Have you ever heard of the Bitcoin “Rich List”? if not, it’s a list of every address that holds 1,000 Bitcoin within the wallet. In the past, this has been used as a way to determine when “whales”, or large investors, are accumulating Bitcoin and are bullish on the price of Bitcoin. And now, that “Rich List” contains more wallet addresses than it ever has, totaling 2,344 wallets. In addition to signaling that the largest Bitcoin holders in the world are once again bullish on the asset, it could also mean that institutional investors aren’t sitting this round out.
Large banks and corporations continue to indicate that they will be front and center of the next bull run for Bitcoin and the rest of the cryptocurrency industry.
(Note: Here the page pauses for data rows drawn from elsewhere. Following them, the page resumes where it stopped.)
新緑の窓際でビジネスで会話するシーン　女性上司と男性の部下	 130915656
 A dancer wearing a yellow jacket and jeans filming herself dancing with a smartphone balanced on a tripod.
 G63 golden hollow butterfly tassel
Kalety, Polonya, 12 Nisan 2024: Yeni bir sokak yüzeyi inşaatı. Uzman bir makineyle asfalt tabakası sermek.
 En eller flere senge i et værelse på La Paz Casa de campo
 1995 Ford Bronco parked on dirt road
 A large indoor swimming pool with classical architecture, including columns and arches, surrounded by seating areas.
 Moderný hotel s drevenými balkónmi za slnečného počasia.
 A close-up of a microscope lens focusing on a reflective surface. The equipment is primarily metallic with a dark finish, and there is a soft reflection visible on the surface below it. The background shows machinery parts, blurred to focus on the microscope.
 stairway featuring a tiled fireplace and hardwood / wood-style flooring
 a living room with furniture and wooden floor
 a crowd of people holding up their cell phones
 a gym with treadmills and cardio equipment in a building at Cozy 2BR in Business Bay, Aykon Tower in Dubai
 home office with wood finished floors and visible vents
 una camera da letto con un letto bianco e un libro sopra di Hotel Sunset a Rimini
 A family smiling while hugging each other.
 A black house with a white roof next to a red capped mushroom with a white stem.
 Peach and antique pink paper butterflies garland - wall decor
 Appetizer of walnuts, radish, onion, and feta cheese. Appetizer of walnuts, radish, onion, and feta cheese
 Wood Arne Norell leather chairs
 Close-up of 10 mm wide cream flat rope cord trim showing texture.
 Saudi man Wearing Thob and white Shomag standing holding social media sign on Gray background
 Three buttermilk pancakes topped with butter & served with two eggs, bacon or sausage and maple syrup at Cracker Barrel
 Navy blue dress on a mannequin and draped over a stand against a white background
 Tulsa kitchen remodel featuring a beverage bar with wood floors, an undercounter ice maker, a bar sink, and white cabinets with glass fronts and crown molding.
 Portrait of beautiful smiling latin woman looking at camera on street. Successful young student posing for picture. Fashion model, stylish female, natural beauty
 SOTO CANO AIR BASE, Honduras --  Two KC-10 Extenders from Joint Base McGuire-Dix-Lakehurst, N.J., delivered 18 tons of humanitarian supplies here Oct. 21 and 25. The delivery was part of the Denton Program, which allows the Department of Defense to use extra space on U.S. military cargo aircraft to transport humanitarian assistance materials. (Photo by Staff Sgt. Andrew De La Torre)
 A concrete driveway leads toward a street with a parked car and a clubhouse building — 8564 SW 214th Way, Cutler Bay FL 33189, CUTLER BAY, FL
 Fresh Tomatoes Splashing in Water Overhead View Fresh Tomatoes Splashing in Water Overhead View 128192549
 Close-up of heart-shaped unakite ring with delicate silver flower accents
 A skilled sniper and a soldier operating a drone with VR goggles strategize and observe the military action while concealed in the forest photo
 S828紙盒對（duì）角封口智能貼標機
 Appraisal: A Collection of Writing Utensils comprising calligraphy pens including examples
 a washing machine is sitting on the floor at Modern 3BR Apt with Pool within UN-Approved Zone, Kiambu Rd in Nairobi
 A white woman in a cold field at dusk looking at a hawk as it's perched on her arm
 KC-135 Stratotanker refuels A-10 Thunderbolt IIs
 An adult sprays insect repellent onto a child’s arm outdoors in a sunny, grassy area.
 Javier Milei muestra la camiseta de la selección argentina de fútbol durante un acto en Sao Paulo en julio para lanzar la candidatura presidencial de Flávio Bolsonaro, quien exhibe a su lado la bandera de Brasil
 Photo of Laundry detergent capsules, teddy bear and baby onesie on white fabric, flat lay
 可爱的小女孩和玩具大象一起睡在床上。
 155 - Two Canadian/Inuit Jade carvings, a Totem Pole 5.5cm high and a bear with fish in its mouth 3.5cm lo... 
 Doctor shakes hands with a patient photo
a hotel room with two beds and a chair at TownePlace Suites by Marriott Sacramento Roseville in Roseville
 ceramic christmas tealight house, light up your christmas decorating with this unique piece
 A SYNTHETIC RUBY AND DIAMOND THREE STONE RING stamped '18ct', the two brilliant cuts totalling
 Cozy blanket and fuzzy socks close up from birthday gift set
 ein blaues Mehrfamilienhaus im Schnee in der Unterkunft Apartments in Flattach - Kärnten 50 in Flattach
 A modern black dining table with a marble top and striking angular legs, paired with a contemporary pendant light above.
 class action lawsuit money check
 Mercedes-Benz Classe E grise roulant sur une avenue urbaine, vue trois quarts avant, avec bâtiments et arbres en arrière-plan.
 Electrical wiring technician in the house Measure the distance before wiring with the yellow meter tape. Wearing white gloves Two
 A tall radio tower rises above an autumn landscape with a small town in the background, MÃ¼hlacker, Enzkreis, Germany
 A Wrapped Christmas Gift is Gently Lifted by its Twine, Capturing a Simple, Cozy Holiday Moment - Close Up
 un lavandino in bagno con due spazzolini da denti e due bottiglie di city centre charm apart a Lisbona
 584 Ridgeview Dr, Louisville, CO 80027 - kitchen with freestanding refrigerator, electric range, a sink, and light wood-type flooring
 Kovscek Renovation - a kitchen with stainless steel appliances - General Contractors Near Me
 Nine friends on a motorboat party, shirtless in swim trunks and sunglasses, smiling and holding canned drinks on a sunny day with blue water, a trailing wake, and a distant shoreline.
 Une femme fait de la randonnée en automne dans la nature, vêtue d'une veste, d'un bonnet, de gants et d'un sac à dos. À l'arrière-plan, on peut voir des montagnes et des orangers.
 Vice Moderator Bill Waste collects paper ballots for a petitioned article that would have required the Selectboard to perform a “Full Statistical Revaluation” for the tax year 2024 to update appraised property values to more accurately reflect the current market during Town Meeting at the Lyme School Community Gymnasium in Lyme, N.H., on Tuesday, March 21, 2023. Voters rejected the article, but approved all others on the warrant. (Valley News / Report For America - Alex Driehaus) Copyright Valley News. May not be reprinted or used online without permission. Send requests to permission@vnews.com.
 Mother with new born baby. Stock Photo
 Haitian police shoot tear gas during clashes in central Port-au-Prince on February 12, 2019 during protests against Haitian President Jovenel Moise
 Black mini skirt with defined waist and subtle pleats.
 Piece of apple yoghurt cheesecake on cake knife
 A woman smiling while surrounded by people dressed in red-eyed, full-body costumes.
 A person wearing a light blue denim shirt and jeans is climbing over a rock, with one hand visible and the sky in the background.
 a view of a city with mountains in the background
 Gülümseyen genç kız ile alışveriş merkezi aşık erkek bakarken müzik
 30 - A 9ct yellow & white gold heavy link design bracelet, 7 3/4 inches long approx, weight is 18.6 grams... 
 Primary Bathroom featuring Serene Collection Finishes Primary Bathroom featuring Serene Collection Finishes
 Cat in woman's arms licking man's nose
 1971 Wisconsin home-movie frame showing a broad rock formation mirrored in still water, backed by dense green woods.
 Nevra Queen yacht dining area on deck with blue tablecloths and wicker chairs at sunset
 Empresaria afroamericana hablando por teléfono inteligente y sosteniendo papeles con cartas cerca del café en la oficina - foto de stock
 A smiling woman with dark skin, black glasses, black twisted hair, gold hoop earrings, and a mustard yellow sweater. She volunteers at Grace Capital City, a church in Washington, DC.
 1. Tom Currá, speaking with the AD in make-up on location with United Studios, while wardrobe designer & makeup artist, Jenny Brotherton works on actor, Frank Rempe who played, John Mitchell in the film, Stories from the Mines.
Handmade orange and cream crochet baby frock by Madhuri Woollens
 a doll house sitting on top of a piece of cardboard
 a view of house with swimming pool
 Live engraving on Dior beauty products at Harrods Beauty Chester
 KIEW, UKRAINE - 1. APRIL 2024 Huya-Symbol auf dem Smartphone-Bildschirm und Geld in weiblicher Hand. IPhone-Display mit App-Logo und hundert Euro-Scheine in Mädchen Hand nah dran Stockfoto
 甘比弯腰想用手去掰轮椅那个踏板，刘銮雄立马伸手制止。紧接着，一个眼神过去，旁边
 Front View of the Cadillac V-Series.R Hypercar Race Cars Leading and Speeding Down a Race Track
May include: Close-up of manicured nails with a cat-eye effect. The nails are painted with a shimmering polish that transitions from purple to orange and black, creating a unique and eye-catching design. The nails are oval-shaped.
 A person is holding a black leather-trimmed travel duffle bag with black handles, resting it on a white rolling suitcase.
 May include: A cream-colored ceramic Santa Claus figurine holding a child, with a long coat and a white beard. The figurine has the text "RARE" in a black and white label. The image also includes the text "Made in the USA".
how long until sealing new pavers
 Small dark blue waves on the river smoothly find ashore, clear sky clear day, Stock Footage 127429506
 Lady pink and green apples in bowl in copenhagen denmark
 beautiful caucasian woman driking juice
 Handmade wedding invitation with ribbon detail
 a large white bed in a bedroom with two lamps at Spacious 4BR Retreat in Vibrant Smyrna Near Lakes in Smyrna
Large financial institutions are taking positions in Bitcoin and acquiring it as VCs and large investors do the same. All of these developments point towards a sustained run for Bitcoin, the likes of which had not been seen since the year leading up to the $20,000 top that the asset achieved in 2017.
In comparison with 2017, the rich list now contains 30% more addresses than it did during that bull run. This means that not only are crypto whales bullish on the price of Bitcoin, but there are more crypto whales than ever before. All of this comes together to bode well for the asset at a time when it is also gaining worldwide recognition for its drastic price increase.